[Opening Data excerpts section]

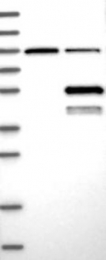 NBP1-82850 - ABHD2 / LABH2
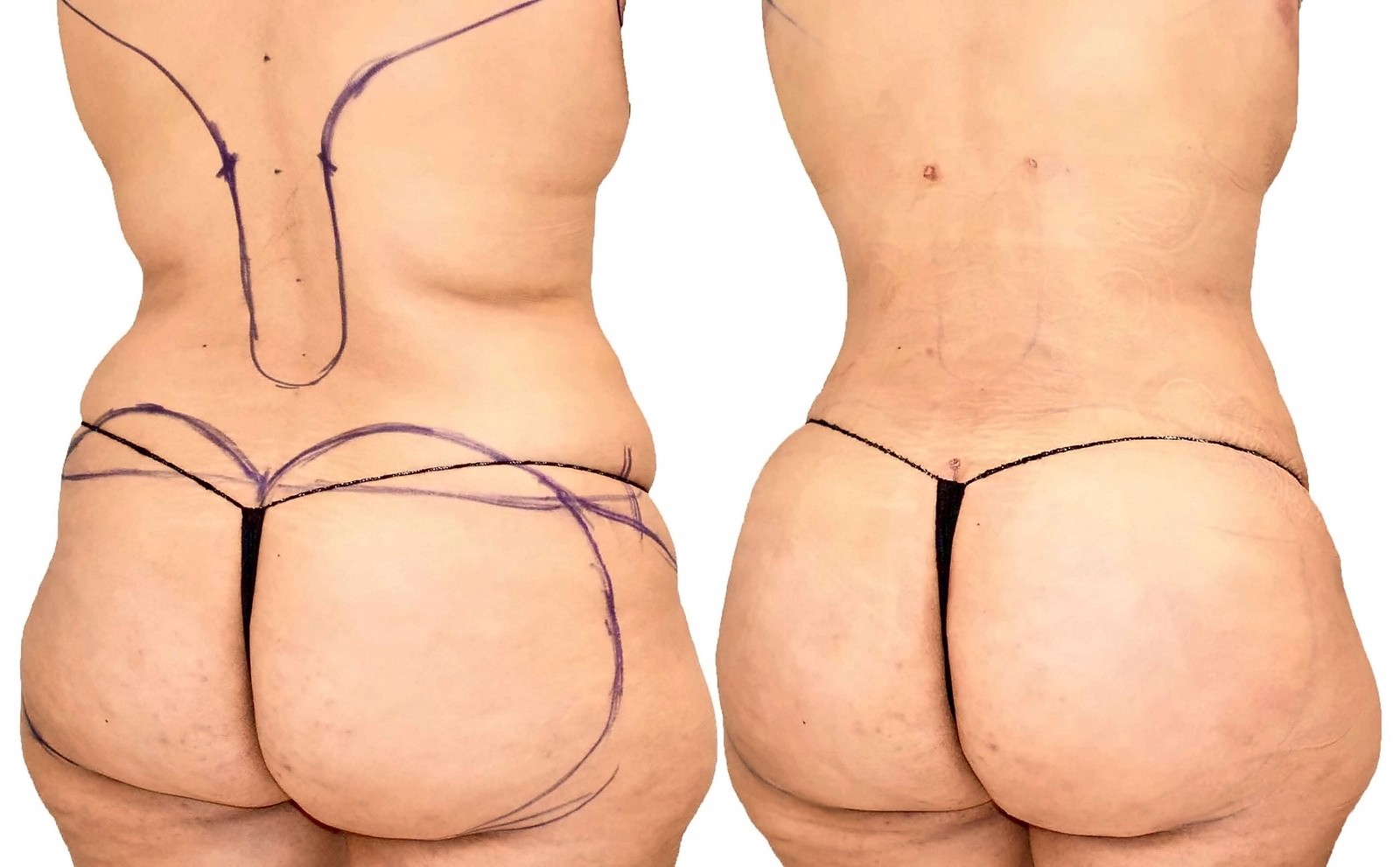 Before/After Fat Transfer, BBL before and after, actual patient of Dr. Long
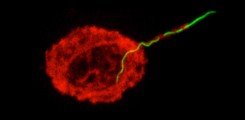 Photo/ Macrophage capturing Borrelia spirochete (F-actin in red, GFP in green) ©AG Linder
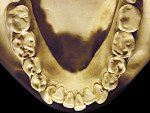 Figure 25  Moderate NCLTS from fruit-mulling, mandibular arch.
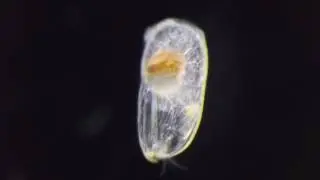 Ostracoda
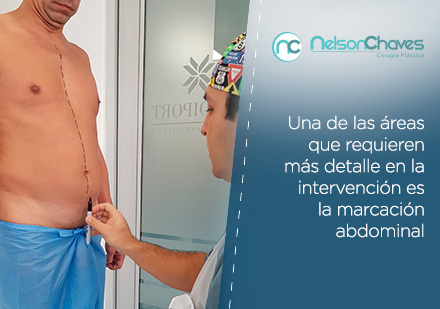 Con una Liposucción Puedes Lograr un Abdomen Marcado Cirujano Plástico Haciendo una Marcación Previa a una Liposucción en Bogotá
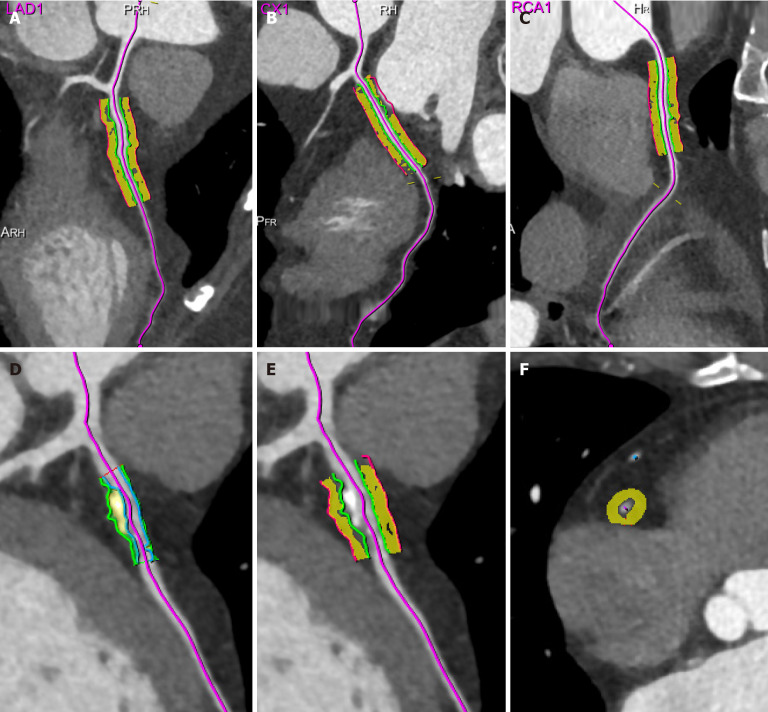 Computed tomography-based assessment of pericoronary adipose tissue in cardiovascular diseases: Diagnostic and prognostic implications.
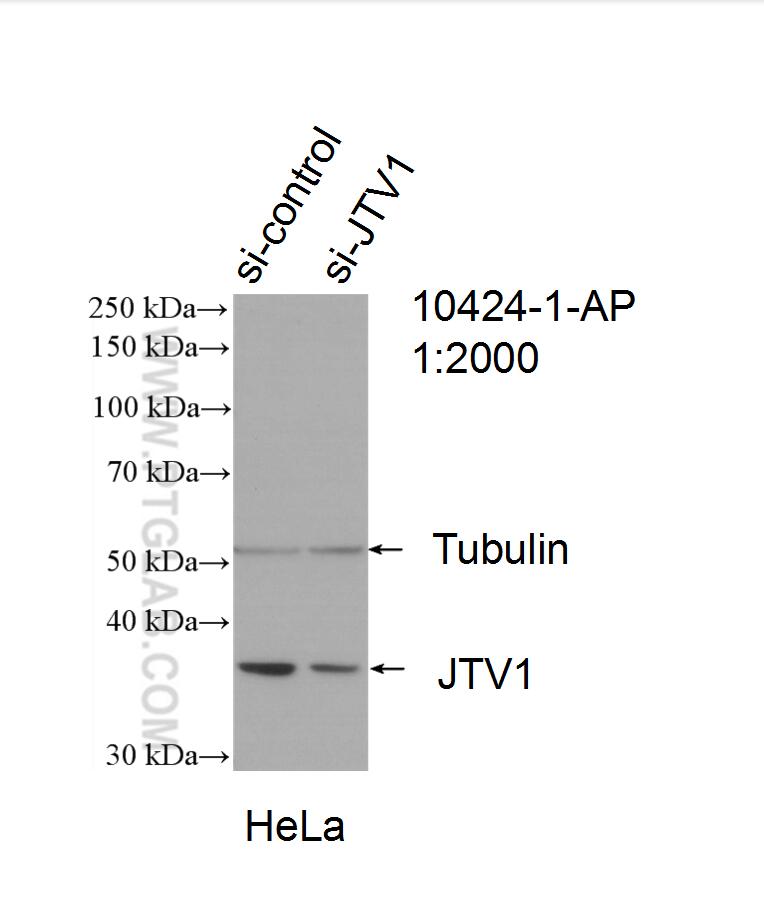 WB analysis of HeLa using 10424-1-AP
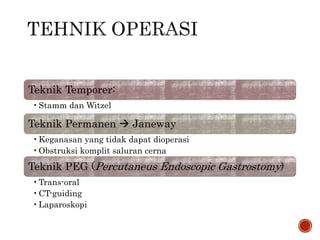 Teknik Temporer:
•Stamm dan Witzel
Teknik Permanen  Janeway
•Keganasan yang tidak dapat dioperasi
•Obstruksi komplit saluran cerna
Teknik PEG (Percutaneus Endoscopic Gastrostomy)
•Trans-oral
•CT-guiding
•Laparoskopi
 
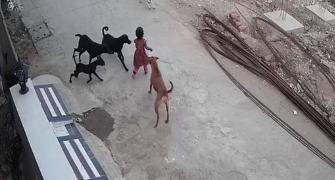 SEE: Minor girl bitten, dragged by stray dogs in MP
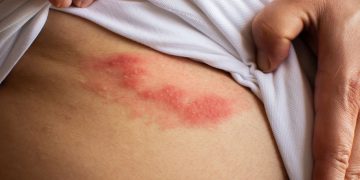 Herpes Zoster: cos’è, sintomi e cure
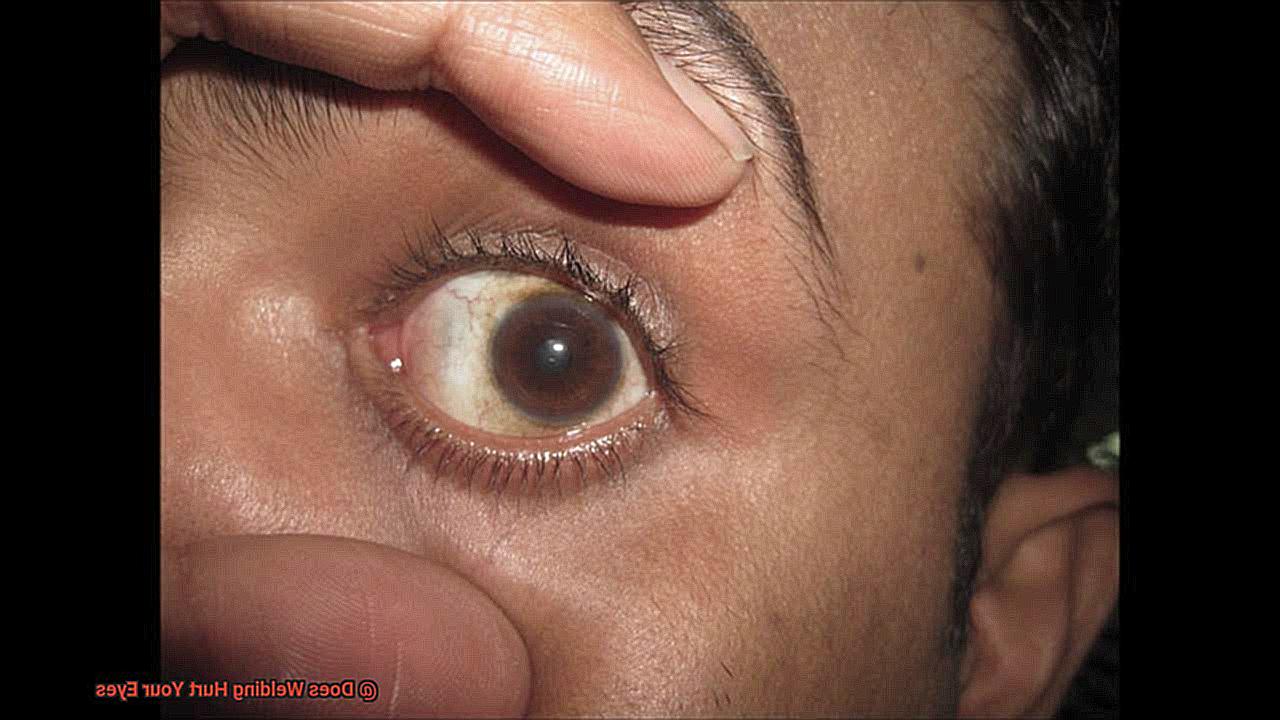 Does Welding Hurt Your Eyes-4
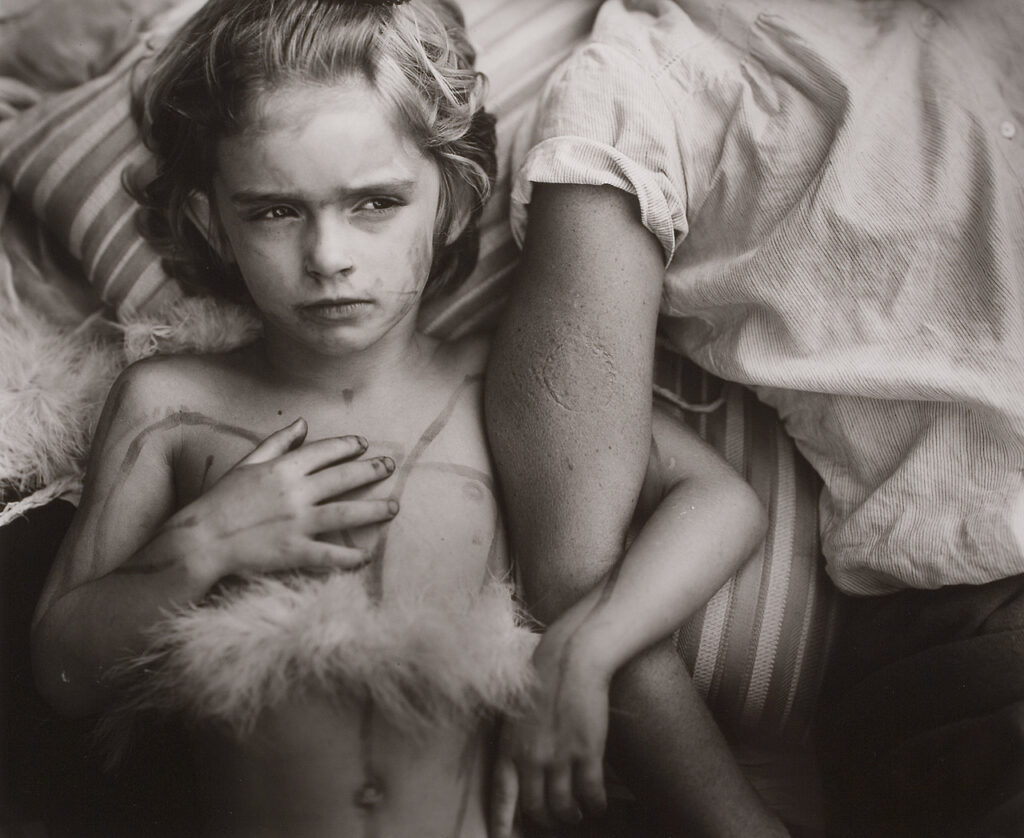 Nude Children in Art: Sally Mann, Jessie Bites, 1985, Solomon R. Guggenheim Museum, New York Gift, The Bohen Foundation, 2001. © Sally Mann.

[Closing Data excerpts section]

From the line containing "Herpes Zoster: cos’è, sintomi e cure" down to the end of the data above, reproduce each line exactly; no pictures.

__Result for this exercise__
 Herpes Zoster: cos’è, sintomi e cure
 Does Welding Hurt Your Eyes-4
 Nude Children in Art: Sally Mann, Jessie Bites, 1985, Solomon R. Guggenheim Museum, New York Gift, The Bohen Foundation, 2001. © Sally Mann.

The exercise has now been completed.